Two statements are attached to the father’s request to register an account under husband’s name only. The account that includes husband’s name is dated November 20,1986, and shows a zero balance forward on January 1,1986, and no transactions during the year until the direct purchase of shares on November 20, 1986. That suggests that November 20,1986, was the date that father opened the account. Husband produced no evidence to show that the joint account was created before the marriage.
Husband produced evidence of only one Franklin Fund account that came from his father, and it has a different account number than the 4 accounts that comprised the initial corpus of the trust. We find it unlikely that the gift account, worth $29,000 in November, 1986, produced the income deposited in the variety of accounts used to establish the trust that had a total value of $86,339.60 in June, 1988. Suffice it to say that husband did not produce credible evidence to show any particular source for most of the trust assets.

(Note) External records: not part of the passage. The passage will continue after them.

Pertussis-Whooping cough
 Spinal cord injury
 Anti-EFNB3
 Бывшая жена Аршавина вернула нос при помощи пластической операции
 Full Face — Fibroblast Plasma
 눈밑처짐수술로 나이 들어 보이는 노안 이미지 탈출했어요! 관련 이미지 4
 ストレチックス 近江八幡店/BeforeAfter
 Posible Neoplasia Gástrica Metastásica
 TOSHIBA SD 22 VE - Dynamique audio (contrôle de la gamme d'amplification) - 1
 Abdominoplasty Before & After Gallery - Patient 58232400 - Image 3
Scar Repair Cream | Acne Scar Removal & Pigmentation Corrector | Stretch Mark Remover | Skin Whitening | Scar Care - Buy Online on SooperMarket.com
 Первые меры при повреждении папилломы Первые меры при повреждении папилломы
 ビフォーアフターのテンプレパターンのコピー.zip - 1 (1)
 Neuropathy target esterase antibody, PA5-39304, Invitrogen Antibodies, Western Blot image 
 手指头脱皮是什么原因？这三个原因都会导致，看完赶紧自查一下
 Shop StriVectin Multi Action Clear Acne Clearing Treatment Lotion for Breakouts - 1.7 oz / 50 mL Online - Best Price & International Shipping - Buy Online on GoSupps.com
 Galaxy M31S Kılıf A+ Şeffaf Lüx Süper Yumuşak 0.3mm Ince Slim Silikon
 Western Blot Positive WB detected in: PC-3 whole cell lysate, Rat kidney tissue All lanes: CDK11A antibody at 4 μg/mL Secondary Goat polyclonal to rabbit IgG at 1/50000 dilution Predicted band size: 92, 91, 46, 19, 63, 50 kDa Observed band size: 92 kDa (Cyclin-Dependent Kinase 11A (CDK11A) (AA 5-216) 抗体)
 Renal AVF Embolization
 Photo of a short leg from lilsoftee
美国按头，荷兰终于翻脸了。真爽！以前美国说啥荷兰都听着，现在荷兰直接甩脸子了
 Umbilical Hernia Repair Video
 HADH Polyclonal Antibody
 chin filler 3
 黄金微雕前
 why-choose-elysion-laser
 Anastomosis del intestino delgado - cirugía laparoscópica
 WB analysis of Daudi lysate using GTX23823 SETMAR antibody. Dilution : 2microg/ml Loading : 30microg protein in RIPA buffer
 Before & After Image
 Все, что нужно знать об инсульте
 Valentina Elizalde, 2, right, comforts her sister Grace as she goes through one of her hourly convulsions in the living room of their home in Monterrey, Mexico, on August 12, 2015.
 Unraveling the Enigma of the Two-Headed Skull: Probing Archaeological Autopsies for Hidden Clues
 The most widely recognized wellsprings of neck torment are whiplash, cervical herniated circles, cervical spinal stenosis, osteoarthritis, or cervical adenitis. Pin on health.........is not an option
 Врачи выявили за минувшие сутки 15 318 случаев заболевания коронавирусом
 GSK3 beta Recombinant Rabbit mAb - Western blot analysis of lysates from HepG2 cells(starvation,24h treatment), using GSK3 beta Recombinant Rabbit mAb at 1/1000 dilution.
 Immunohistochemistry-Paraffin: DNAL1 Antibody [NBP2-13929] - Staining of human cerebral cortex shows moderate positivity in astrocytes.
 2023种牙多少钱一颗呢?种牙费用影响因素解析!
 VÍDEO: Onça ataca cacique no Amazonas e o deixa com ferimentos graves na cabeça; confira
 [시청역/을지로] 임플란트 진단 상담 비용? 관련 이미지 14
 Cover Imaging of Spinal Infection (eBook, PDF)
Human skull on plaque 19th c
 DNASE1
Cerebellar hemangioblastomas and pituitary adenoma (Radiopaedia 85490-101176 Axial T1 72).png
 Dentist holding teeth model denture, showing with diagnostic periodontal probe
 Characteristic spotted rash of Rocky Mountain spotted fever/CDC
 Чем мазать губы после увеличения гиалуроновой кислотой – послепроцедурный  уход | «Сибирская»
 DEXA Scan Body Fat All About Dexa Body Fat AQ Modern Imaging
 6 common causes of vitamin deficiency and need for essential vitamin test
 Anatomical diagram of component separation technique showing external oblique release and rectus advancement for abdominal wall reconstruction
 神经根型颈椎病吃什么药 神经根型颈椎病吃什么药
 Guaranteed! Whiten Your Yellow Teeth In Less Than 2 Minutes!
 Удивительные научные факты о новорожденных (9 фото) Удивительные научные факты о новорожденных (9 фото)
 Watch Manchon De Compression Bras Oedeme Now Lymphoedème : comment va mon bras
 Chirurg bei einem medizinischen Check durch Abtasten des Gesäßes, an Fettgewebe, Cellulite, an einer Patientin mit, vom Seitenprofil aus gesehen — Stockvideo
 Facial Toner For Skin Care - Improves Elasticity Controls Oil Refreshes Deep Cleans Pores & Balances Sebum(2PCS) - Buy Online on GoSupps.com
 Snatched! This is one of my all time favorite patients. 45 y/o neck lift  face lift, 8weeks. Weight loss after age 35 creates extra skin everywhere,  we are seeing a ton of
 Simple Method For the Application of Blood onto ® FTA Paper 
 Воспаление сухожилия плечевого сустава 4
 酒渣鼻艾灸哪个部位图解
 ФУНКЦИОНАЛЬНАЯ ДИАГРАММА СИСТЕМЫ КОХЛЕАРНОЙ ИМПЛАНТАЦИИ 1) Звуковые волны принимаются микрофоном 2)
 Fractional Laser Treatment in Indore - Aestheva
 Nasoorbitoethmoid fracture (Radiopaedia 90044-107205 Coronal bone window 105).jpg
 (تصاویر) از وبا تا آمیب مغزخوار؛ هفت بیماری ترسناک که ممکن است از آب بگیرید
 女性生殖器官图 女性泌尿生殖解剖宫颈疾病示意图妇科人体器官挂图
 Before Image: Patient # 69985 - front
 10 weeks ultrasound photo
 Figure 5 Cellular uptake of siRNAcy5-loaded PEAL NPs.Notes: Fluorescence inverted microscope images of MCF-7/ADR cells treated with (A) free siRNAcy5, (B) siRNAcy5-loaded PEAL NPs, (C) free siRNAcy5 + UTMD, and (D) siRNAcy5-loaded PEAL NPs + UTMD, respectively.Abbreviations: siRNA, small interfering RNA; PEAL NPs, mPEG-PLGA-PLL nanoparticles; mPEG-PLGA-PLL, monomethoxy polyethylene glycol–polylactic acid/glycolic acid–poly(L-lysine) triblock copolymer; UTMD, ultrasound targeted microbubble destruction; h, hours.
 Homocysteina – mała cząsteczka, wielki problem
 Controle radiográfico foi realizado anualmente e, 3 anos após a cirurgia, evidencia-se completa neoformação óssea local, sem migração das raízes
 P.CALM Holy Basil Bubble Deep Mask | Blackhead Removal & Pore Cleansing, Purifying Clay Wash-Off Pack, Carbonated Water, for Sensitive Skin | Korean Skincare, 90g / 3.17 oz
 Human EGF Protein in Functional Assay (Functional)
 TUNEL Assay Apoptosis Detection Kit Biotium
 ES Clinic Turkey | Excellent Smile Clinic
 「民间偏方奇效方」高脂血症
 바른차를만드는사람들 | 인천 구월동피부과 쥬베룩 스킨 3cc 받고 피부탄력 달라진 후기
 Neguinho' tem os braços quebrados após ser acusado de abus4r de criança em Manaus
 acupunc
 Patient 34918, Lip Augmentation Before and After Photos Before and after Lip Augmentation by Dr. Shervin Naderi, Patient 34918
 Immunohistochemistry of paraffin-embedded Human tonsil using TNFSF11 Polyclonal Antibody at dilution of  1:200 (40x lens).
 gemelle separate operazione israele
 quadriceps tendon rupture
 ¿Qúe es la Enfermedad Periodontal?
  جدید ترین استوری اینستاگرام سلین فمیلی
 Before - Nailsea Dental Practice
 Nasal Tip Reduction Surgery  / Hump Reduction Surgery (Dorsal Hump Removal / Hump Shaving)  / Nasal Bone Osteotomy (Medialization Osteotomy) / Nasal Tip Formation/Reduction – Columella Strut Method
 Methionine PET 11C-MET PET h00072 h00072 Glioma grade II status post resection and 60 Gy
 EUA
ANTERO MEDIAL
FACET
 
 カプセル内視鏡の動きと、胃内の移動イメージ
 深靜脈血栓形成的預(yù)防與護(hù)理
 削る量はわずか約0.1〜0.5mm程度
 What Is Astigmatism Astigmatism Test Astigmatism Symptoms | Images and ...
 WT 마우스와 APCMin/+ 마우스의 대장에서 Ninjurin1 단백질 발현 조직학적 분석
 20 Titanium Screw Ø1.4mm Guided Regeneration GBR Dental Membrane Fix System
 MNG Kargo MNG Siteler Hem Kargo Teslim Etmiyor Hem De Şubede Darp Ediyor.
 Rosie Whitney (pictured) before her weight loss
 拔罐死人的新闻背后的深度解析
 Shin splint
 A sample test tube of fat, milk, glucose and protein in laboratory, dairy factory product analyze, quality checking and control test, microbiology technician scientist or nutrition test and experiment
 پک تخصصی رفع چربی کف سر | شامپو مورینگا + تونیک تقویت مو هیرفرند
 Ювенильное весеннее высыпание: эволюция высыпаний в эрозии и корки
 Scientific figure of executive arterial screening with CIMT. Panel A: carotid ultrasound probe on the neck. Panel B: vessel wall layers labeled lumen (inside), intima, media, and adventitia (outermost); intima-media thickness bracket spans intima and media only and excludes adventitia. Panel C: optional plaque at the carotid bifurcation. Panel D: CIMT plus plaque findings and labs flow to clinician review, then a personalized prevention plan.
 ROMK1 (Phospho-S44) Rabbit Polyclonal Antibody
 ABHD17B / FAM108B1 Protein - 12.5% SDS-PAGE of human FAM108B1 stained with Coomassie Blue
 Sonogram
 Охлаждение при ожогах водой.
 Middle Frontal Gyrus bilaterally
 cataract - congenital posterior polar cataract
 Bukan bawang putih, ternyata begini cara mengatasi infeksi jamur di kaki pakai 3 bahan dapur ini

We note that the judgment provides a stepdown to $650 per month, but the parties’ briefs and the trial court’s memorandum opinion all use $750 as the correct figure, and on de novo review we adopt $750.
Husband also complains that the trial judge “interjected himself into the record by routinely undertaking the examination of witnesses and commenting upon the evidence presented.” He does not, however, explain why that constitutes reversible error. See Wrona and Wrona, 66 Or App 690, 692, 674 P2d 1213 (1984).
Wife’s daughter expects to complete graduate school in 1992.